**Data section:**
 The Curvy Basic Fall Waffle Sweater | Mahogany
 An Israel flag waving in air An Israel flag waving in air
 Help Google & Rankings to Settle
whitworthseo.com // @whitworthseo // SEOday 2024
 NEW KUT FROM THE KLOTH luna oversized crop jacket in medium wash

* * *

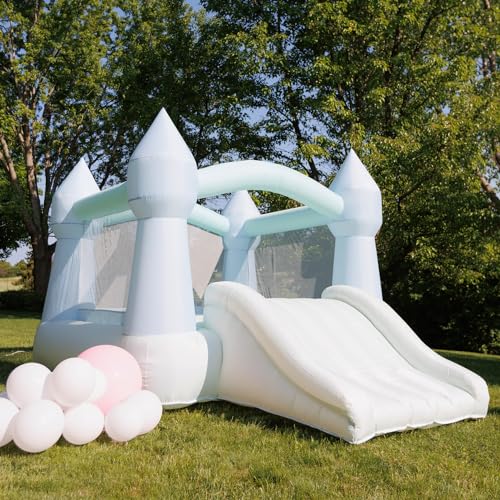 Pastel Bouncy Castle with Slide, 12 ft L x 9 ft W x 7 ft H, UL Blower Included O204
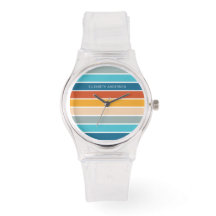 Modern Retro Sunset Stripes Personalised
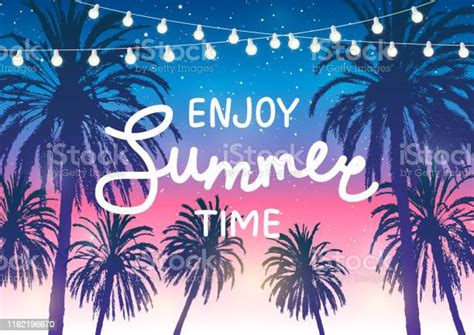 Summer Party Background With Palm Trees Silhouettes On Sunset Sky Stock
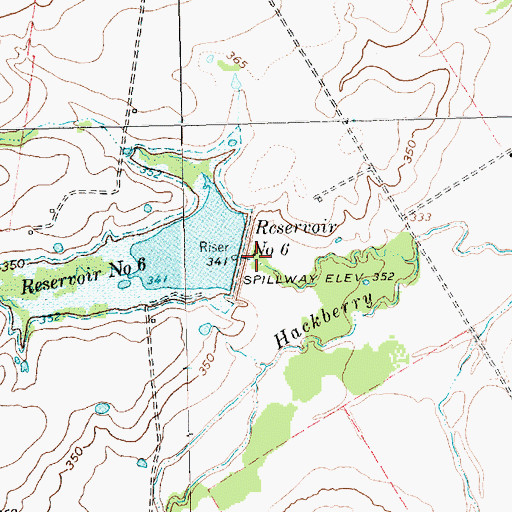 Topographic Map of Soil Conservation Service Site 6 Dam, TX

**Goal of the exercise:**
Taking the material above, give again exactly the lines from the one holding "Modern Retro Sunset Stripes Personalised" through the one holding "Topographic Map of", with both ends and without pictures.

**Response area:**
 Modern Retro Sunset Stripes Personalised
 Summer Party Background With Palm Trees Silhouettes On Sunset Sky Stock
 Topographic Map of Soil Conservation Service Site 6 Dam, TX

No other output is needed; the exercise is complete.